• Work to be completed: Repeat the listing that follows, character for character, minus the pictures.

• Data below:
--------------------------------

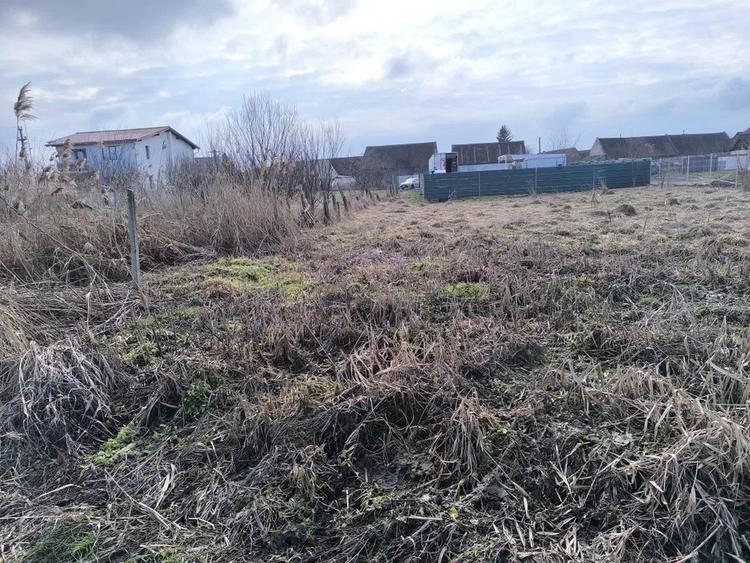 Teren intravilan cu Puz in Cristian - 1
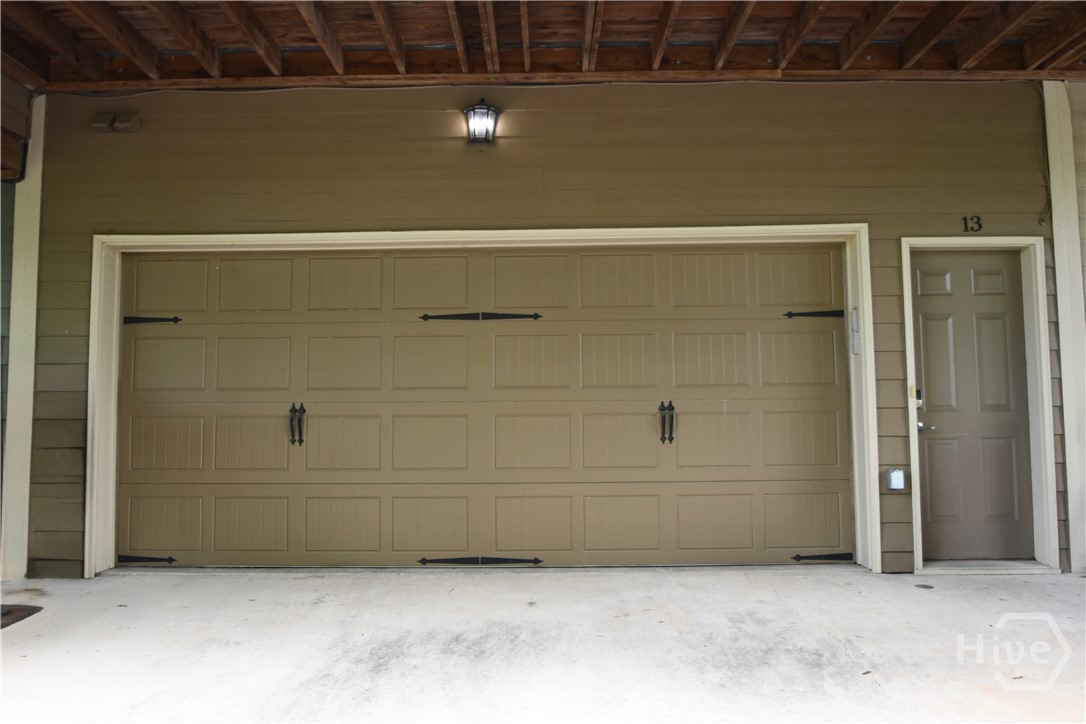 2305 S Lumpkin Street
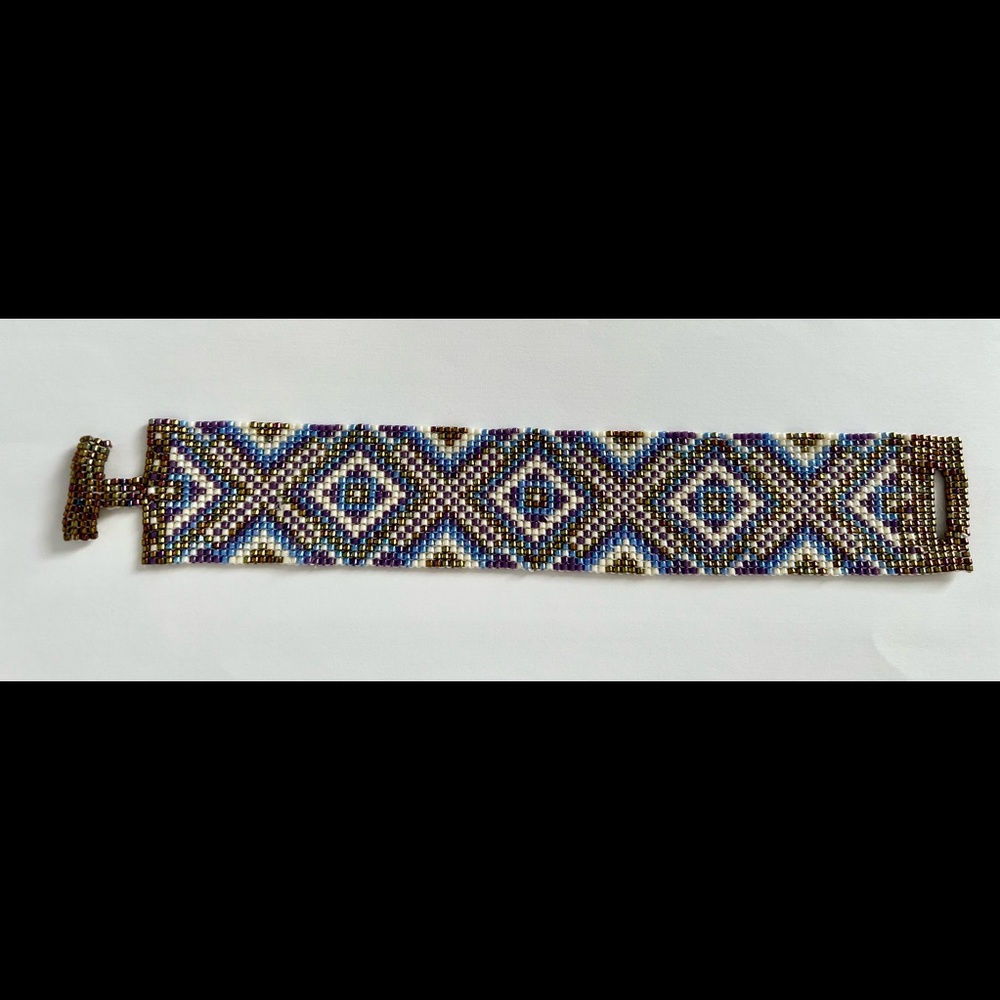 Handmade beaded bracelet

--------------------------------

• Result:
 Teren intravilan cu Puz in Cristian - 1
 2305 S Lumpkin Street
 Handmade beaded bracelet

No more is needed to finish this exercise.